:: Exercise aim ::
Please output the listing below character for character and omit the images.

:: Dataset section ::
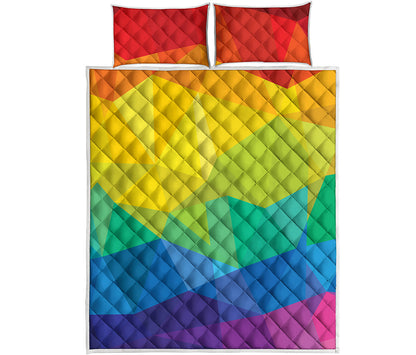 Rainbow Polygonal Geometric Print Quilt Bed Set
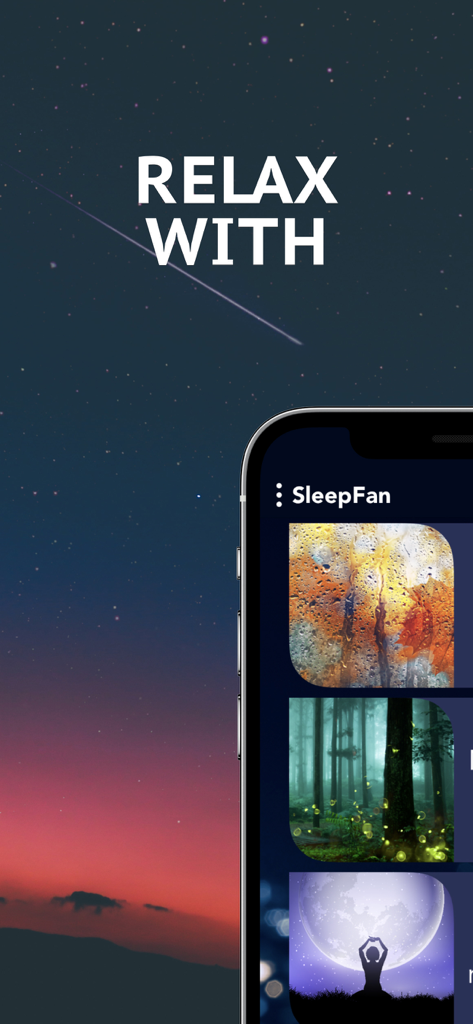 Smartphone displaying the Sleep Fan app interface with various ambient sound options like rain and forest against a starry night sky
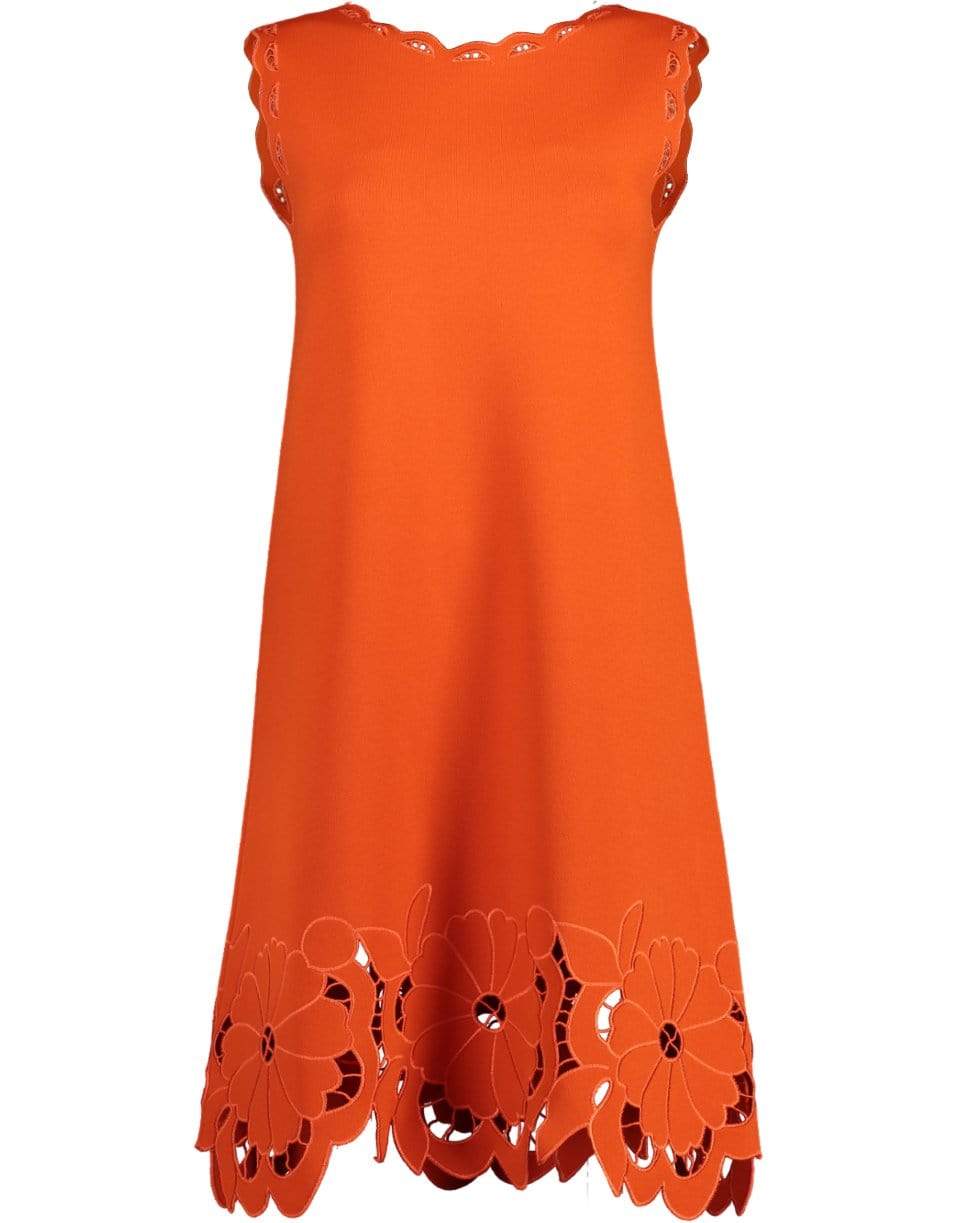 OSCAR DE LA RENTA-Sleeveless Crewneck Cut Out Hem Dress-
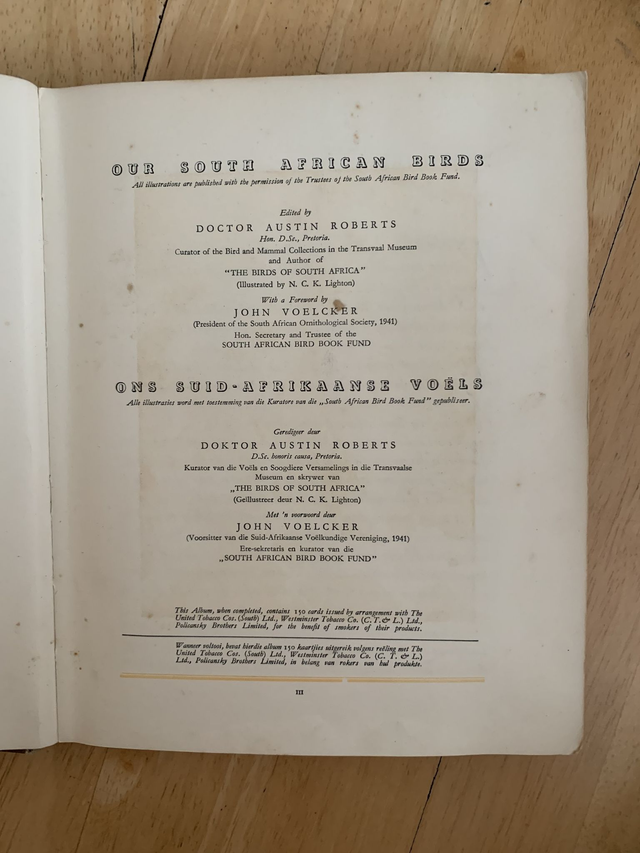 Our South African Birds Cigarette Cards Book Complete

:: Answer section ::
 Rainbow Polygonal Geometric Print Quilt Bed Set
 Smartphone displaying the Sleep Fan app interface with various ambient sound options like rain and forest against a starry night sky
 OSCAR DE LA RENTA-Sleeveless Crewneck Cut Out Hem Dress-
 Our South African Birds Cigarette Cards Book Complete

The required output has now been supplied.